A short time after the gun was test-fired, Det. Supt Connolly asked retired nurse Margaret Murphy to enter the bedroom and she said she could get a strong smell which she did not get on the evening Grace’s body was found. The smell was evident in the hall once you entered the house. A Garda who had attended the crime scene on 7 December 1992 also entered the bedroom and he too said there was a distinct smell of a discharged firearm which was not there when he attended the original scene. The Garda Ballistics officer who fired the test-shot gave his clothing for testing and it was found to have gunshot residue.

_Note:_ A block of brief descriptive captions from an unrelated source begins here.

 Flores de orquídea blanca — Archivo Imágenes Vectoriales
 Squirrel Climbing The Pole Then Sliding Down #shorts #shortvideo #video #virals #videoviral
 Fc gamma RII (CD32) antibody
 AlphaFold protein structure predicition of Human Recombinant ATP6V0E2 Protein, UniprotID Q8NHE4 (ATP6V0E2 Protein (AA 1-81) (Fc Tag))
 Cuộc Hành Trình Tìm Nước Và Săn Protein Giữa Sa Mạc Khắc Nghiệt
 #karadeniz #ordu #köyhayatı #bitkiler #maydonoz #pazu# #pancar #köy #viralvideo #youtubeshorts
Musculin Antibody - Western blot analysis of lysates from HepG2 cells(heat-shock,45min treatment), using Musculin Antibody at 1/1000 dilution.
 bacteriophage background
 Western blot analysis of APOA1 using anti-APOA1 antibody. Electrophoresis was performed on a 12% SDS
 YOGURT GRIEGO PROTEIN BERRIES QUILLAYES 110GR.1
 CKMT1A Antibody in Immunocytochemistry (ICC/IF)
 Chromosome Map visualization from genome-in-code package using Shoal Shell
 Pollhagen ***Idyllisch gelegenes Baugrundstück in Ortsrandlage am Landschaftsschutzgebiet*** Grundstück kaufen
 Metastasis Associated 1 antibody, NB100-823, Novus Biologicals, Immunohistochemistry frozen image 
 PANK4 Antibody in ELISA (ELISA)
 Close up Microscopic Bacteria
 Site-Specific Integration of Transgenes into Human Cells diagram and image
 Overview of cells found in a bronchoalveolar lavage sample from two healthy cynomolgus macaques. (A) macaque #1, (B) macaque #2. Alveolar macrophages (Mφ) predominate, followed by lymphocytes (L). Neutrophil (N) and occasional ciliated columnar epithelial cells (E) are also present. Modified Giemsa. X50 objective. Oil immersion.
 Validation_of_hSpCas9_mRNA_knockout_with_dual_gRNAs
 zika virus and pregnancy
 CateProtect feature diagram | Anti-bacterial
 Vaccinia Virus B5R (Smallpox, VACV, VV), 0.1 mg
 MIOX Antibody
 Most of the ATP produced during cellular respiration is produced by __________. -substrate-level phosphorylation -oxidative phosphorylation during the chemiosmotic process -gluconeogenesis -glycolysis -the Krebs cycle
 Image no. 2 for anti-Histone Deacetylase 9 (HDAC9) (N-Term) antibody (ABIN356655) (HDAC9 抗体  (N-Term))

This test firing of the shotgun was not absolute proof in itself. You cannot precisely replicate an original situation, and when people are listening out for a sound perhaps they are more likely to hear it. But the fact that the sound the women heard during the test firing was the same as the sound they heard at around 4.30 p.m. on the day of the murder was hugely significant. When you take into account the following pieces of information—an unidentified man had been seen at the Livingstone front door at around 4.40 p.m. on the day of the murder; an unidentified youth was also seen in The Moorings at around 4.30 p.m.; the blood from Grace’s wound was congealed by 6 p.m. indicating she had been shot earlier that afternoon; Dr Moodley’s belief that Grace had died around two hours before he examined her body at 6.35 p.m.—it all leads to the conclusion that the murder happened sometime around 4.30 p.m. on 7 December 1992. At that time Jimmy Livingstone was still working in his office in Nassau Street.